----- Data provided -----

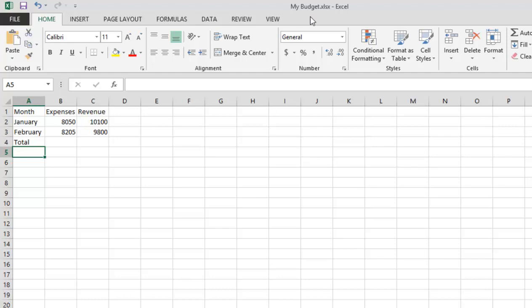And that is creating a new spreadsheet in Microsoft Excel 2013.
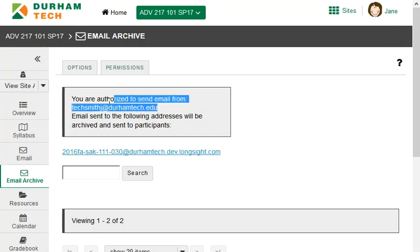Note that only the instructor can send email to the course email archive or to the course mailing list.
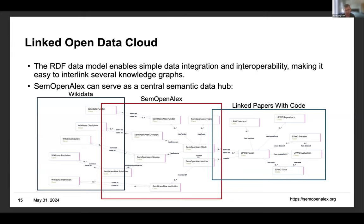One very nice thing about the RDF data model is that it enables simple data integration and interoperability, making it easy to interlink data across several knowledge graphs. SemOpenAlex can serve as a central semantic hub within the linked open data cloud. The OpenAlex data already contains links to Wikidata, and another knowledge graph, Linked Papers with Code, covers the machine learning domain. These knowledge graphs are all linked to SemOpenAlex, enabling analysis with SPARQL queries across all datasets at once.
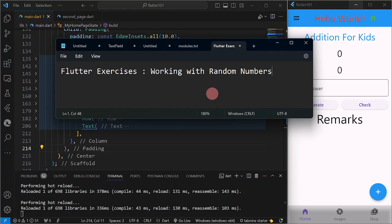In today's exercise, we are going to discuss how we are going to work with random numbers. What we're going to do is let Flutter generate random numbers, then we are going to work with those numbers that are generated.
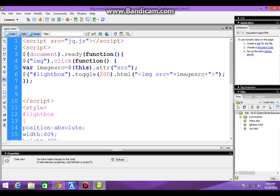Now again we are defining a click function for the lightbox to make it hide.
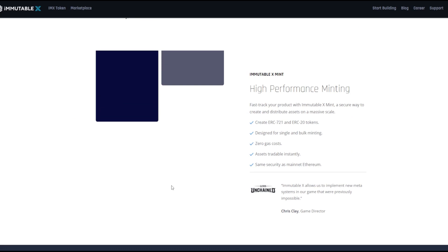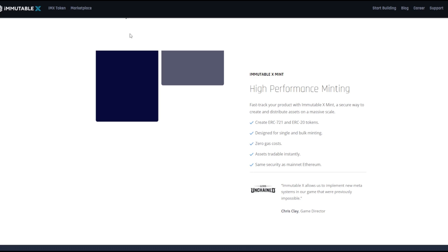One of the key aspects is high performance minting. So essentially you can create both ERC-721 and ERC-20 tokens. If you didn't know, these are for NFTs and these right here are for actual cryptos, right? It's designed for single and bulk minting as well.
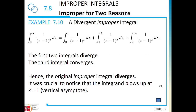This integral is divergent. That concludes the presentation — it would be good to start practicing from the book examples and exercises.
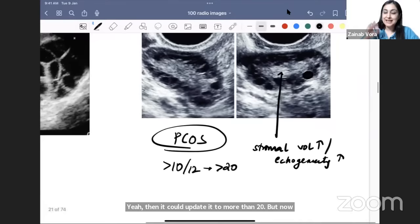The two RGU images differ: in one, extravasation is still somewhat limited — this is a partial urethral rupture. In the other, contrast is going all over — this is a complete urethral rupture. This is the key distinction between partial and complete urethral rupture on RGU.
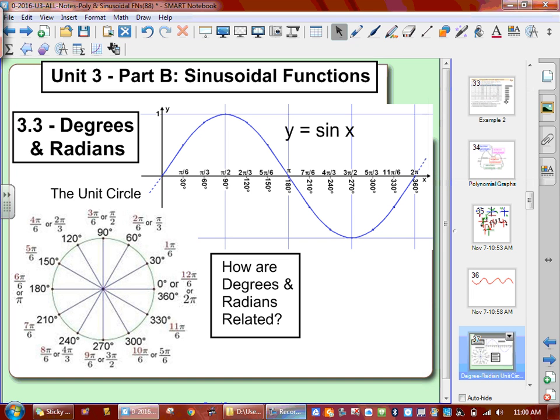This is Unit 3, Part B, sinusoidal functions. First of all, we're going to be noticing that we're going to have something in degrees and something in radians.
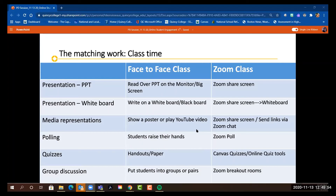These are the very basic strategies you can try — transferring from face-to-face to Zoom. I encourage everybody to think about what you've already done in face-to-face and find similar solutions to engage students in the online setting.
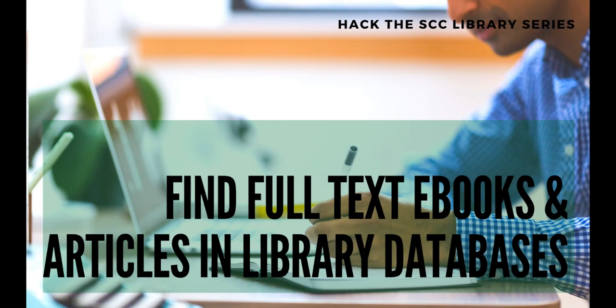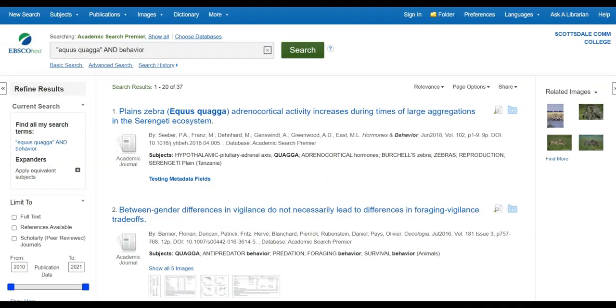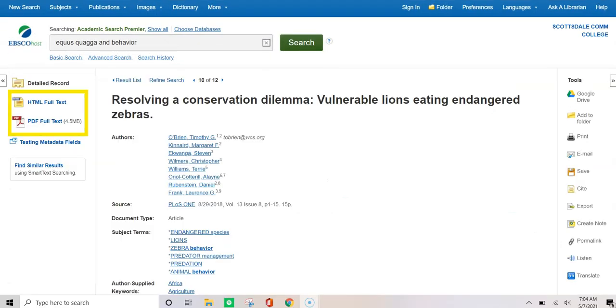Want to limit your database search results to only full text ebooks and articles you can read online? Look for the full text option on the search results page, like here in OneSearch and in Academic Search Premier. Some databases offer a PDF or HTML full text option. Happy reading!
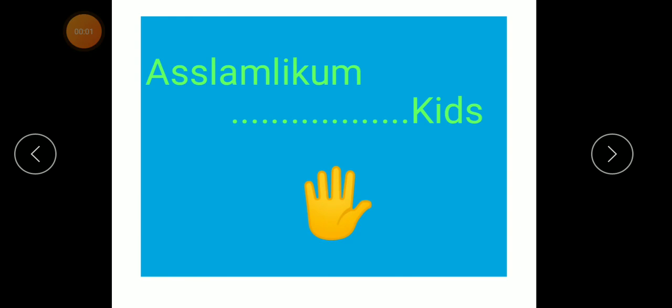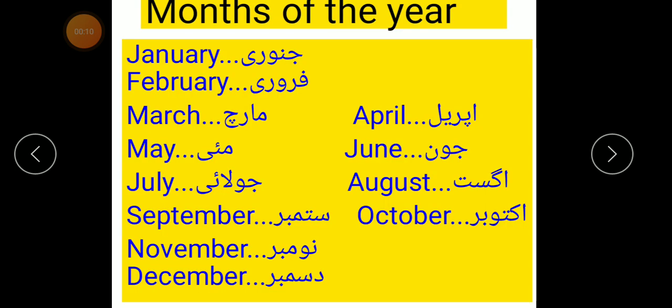Assalamu alaikum my dear students. Kaisi hain aap? Thik? Chalo, aaj hain gaar bethi bethi phir se apna sabak yaad keringe. Kya padhengi aaj hain? Months of the year. Saal ke mahinay.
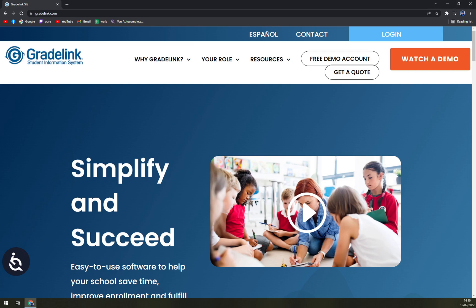Often people compare Gradelink to PowerSchool, but I think Gradelink has some catching up to do compared to PowerSchool. We will try to create videos about PowerSchool, Skyward, School Manager, SAF School Management Software, Class 365, and more, to bring you the best student management software comparisons.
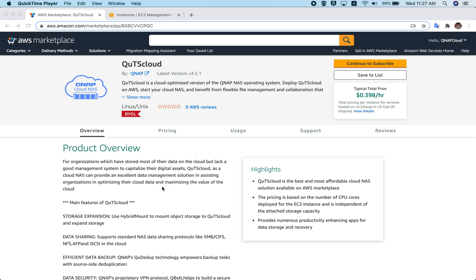Welcome to this video tutorial. In this video I'm going to show you how we can deploy, or how we can start an instance of QTS Cloud from the AWS Marketplace. Let's start.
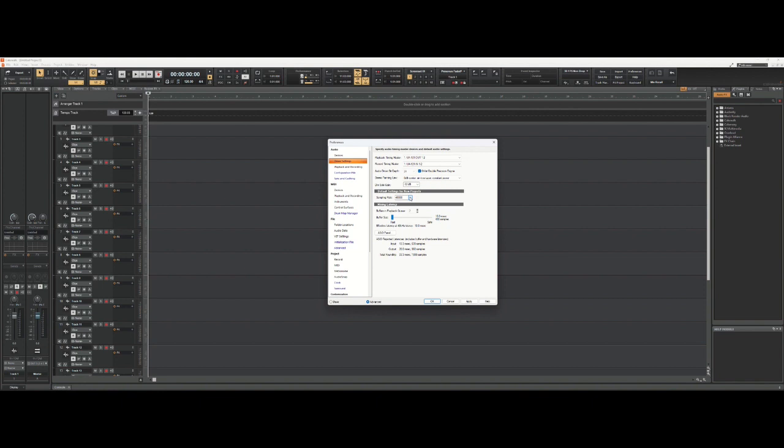So those are really good settings for excellent quality sound. And then you will later downsample when you master if you want to make CDs or MP3s. You'll downsample it to 44,100 and 16-bit, which whatever mastering software you use will automatically do that for you in the settings.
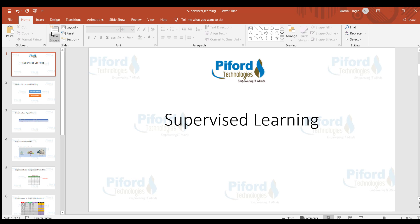Hi everyone, this is Arohi from Pyfoot Technologies IT Park, Mohali. In today's class I'll discuss about supervised learning.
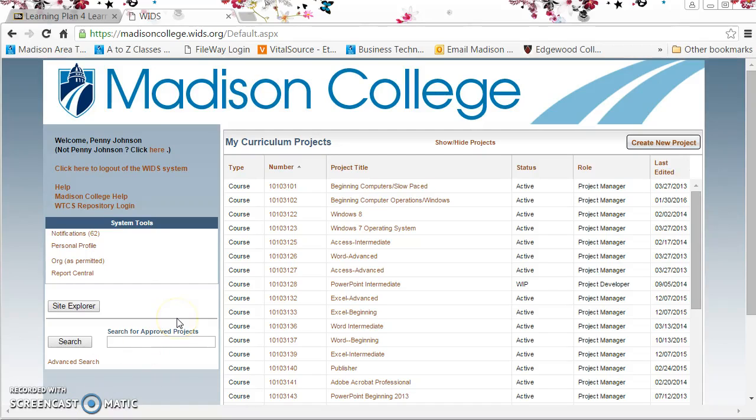Hi everyone, Penny Johnson here again. In this quick little video, we're going to take a look at how you can find performance standards in the WIDs system.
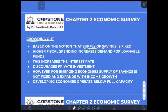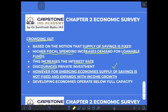The crowding out effect is based on the notion that the supply of savings in an economy is fixed. Higher fiscal spending, that is government expenditure, increases the demand for loanable funds, which ultimately increases the interest rate, which therefore discourages private investment.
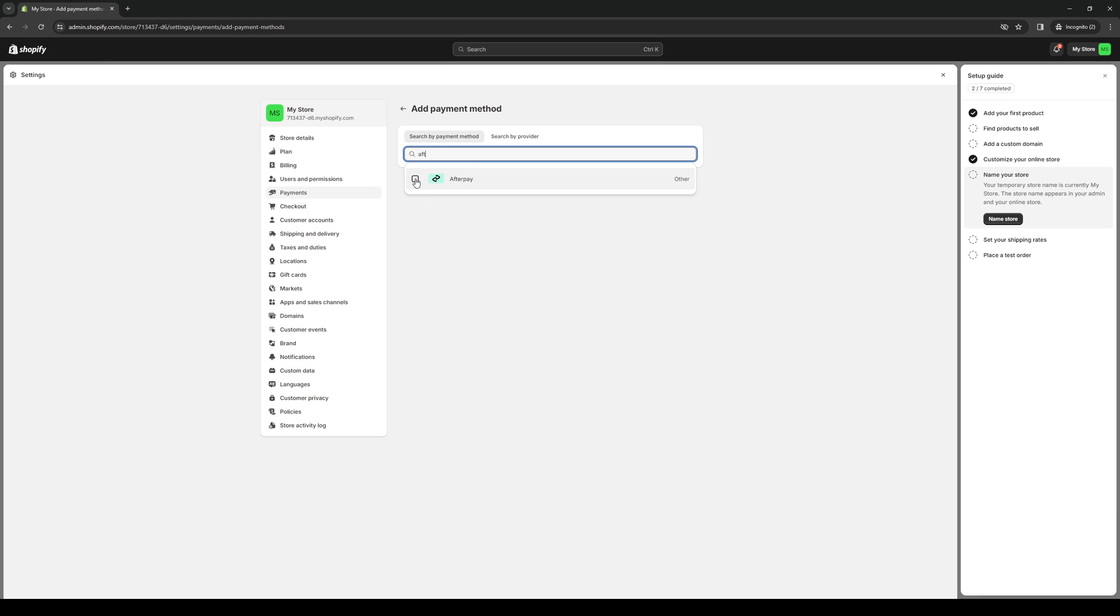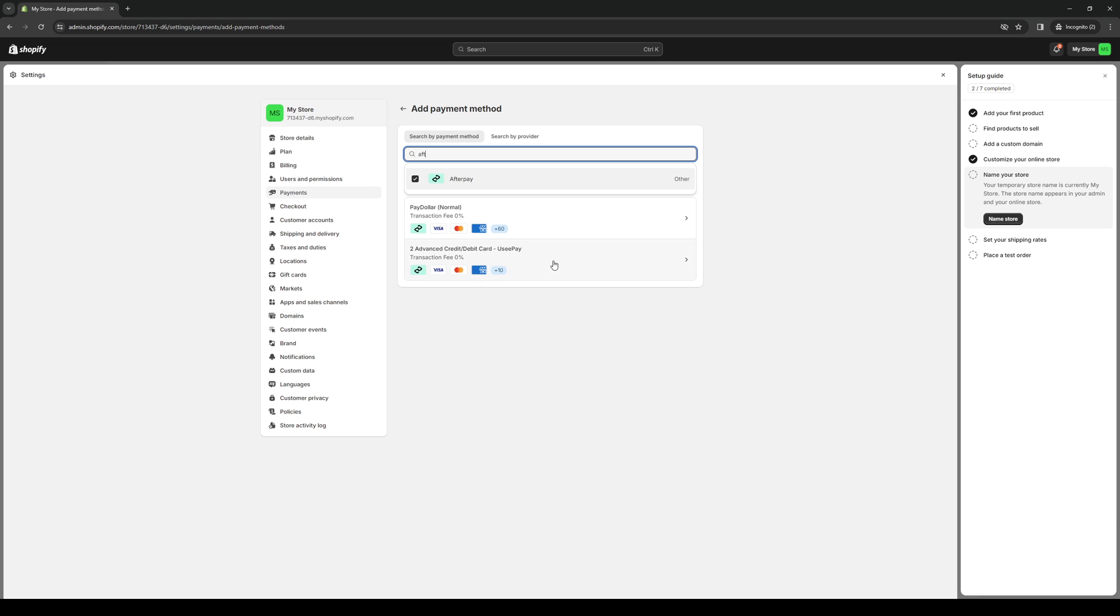To add this, simply highlight the box and pick within the selection of the payment gateways to add to your Shopify store. You could either go for PayDollar as it supports 60 other platforms, or 2 Advanced or UZPay as it also supports Afterpay.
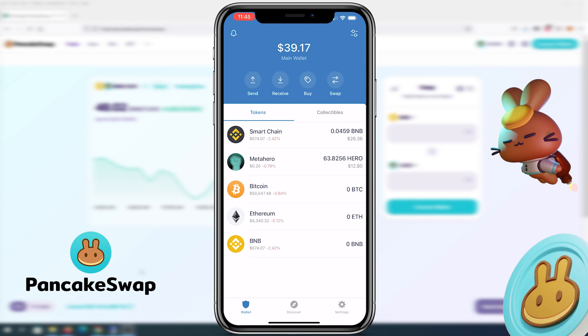What's up everybody? In this video I'm going to show you how to use PancakeSwap on iPhone using Trust Wallet.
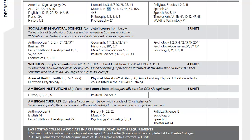Remember that you must complete a minimum of 60 units with a grade of 2.0 or better, and 12 units must be completed at Las Positas College for an Associate's degree. All of these General Education GE courses add up to about 30 units, so the remaining units will come from your major requirements and electives.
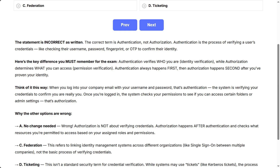Think of it this way: when you log into your company email with your username and password, that's authentication — the system is verifying your credentials to confirm you are really you. Once you're logged in, the system checks your permissions to see if you can access certain folders or admin settings — that's authorization.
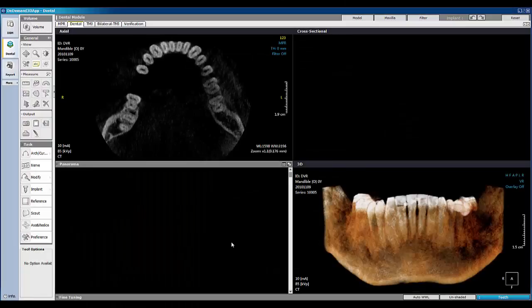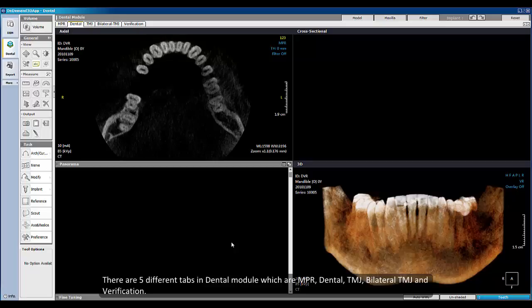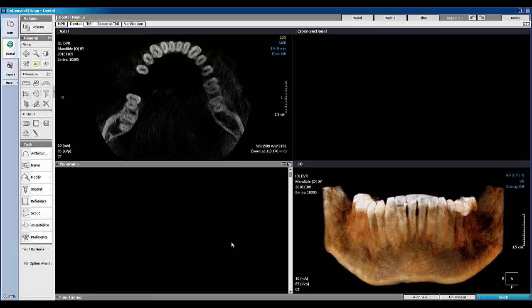Welcome to the video tutorial on On-Demand 3D software. This video will cover the dental module, which contains essential functions for better implant treatment planning and accurate diagnosis. There are 5 different tabs in the dental module: NPR, Dental, TMJ, Bilateral TMJ, and Verification. In this video, we will cover the Dental tab.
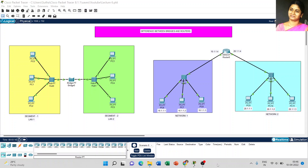Dear students, today we are going to discuss the difference between bridges and routers. There are two diagrams created — one used for bridge and the second one for router. Before moving on to the differences, first I will explain how the structure is created, what IP addresses are set for both diagrams, and what we need to do before we start today's lecture.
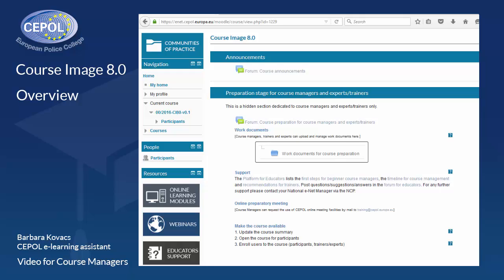We are using it for years now, and experiences, good practices, and common pitfalls from key users such as course managers, trainers, and national eNet managers are continuously collected to ensure that the course image remains up to date.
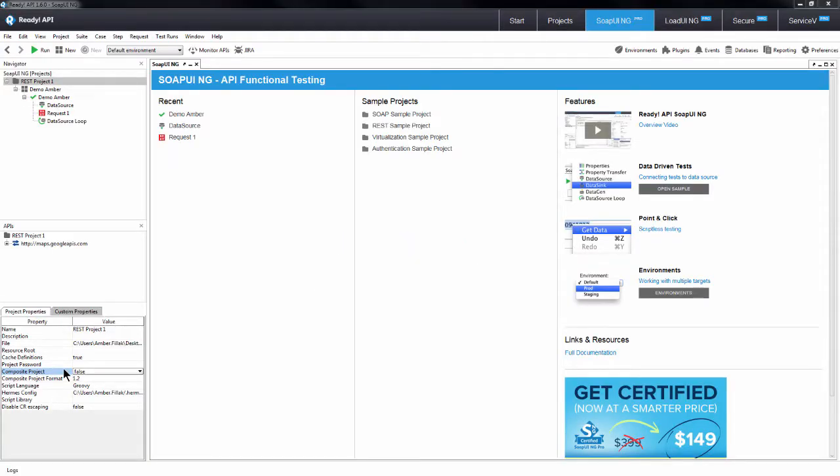Composite projects allow multiple team members to collaborate on SOAP UI projects together without risking one overwriting another's work. Composite projects work by structuring the projects as directories rather than standalone XML files.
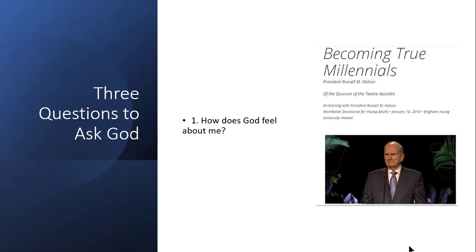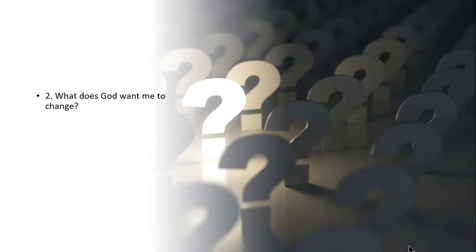From President Nelson, it seems to me to be very clear that it's okay to wonder and to ask, God, does thou really love me? If we don't feel like we get the answer the first time, then keep trying. It doesn't mean that God is withholding his love. Sometimes we have to find our own sacred place in order to be able to receive revelation from the Holy Ghost.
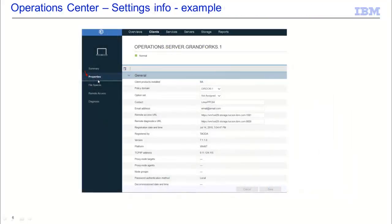If you drill down into another area for properties, you will see the various properties for that entity. Some of those properties will be able to be updated. In addition, you can export these properties using the Export button.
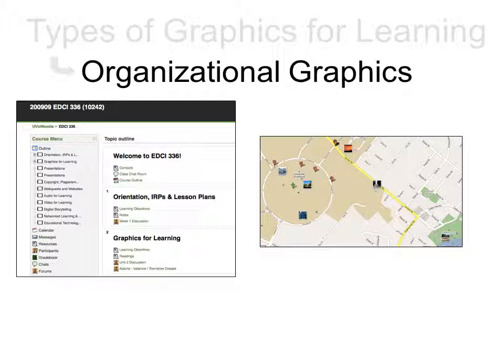Organizational graphics convey structure, sequence, hierarchy, or spatial relationship. These include organized textual graphics, like a table of contents, and images where the physical relationship between elements is important, like a map.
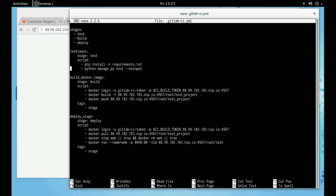In the YML file, you can see that I am logging into my GitLab container registry and then building the image based on the Dockerfile in the project's root folder. I am pushing it to the GitLab container registry. In the deploy stage, I am logging in, pulling it, removing any previous containers with the name 'web', and running it with the name 'web', exposing port 8050 routed through port 80 of NGINX.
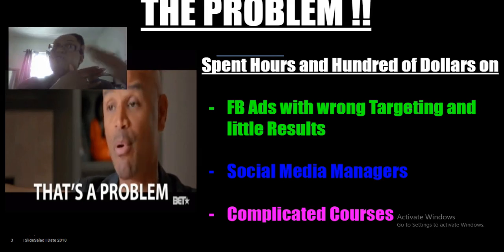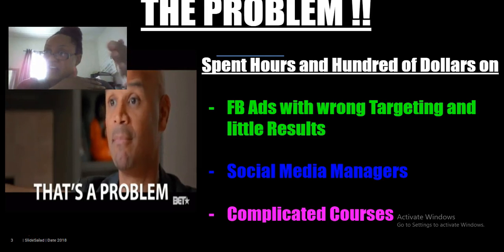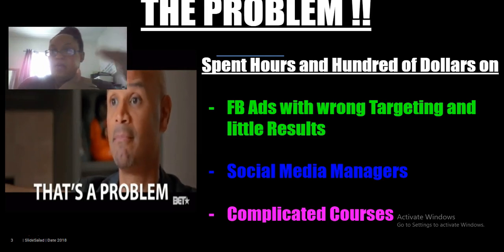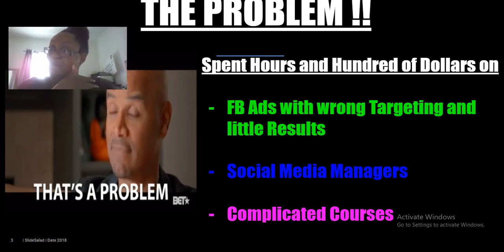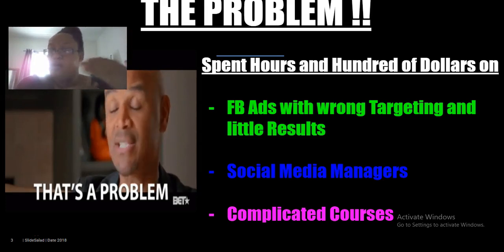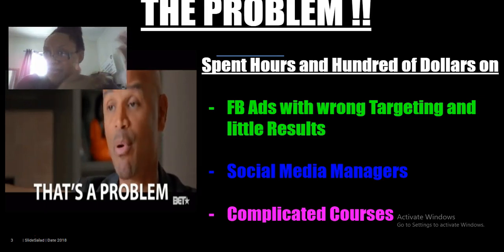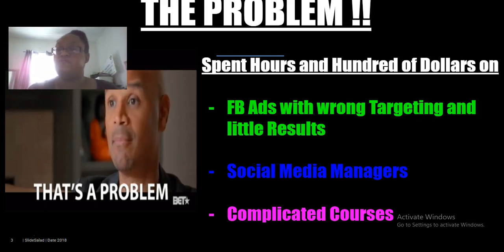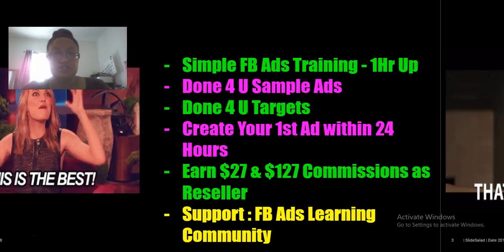Another problem is that because of a lack of know-how on putting together a simple, correctly targeted ad, entrepreneurs end up outsourcing and paying a social media manager or ads manager hundreds of dollars. Or they invest hundreds or thousands of dollars in complicated Facebook ads courses and still walk out even more confused because of the complexity.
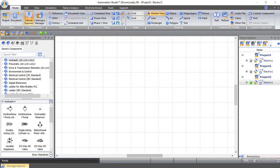Today we will start smoothly by learning the toolbars of this software. We will also create a very simple circuit at the beginning to understand how it works. Let's start by learning the toolbars.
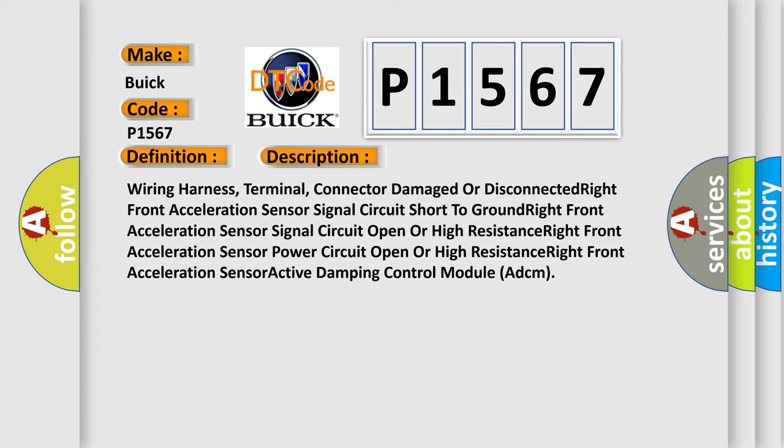Possible causes include: Wiring Harness Terminal Connector Damaged or Disconnected, Right Front Acceleration Sensor Signal Circuit Short to Ground, Right Front Acceleration Sensor Signal Circuit Open or High Resistance, Right Front Acceleration Sensor Power Circuit Open or High Resistance, or Right Front Acceleration Sensor Active Damping Control Module (ADCM).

-----

[Problem]:
The copy should hold only the lines from the one with "These are the" through the one with "Welcome to this", exactly as they stand above. Leave out the pictures.

[Your solution]:
These are the very basic strategies you can try — transferring from face-to-face to Zoom. I encourage everybody to think about what you've already done in face-to-face and find similar solutions to engage students in the online setting.
Want to limit your database search results to only full text ebooks and articles you can read online? Look for the full text option on the search results page, like here in OneSearch and in Academic Search Premier. Some databases offer a PDF or HTML full text option. Happy reading!
Assalamu alaikum my dear students. Kaisi hain aap? Thik? Chalo, aaj hain gaar bethi bethi phir se apna sabak yaad keringe. Kya padhengi aaj hain? Months of the year. Saal ke mahinay.
Often people compare Gradelink to PowerSchool, but I think Gradelink has some catching up to do compared to PowerSchool. We will try to create videos about PowerSchool, Skyward, School Manager, SAF School Management Software, Class 365, and more, to bring you the best student management software comparisons.
Welcome to this video tutorial. In this video I'm going to show you how we can deploy, or how we can start an instance of QTS Cloud from the AWS Marketplace. Let's start.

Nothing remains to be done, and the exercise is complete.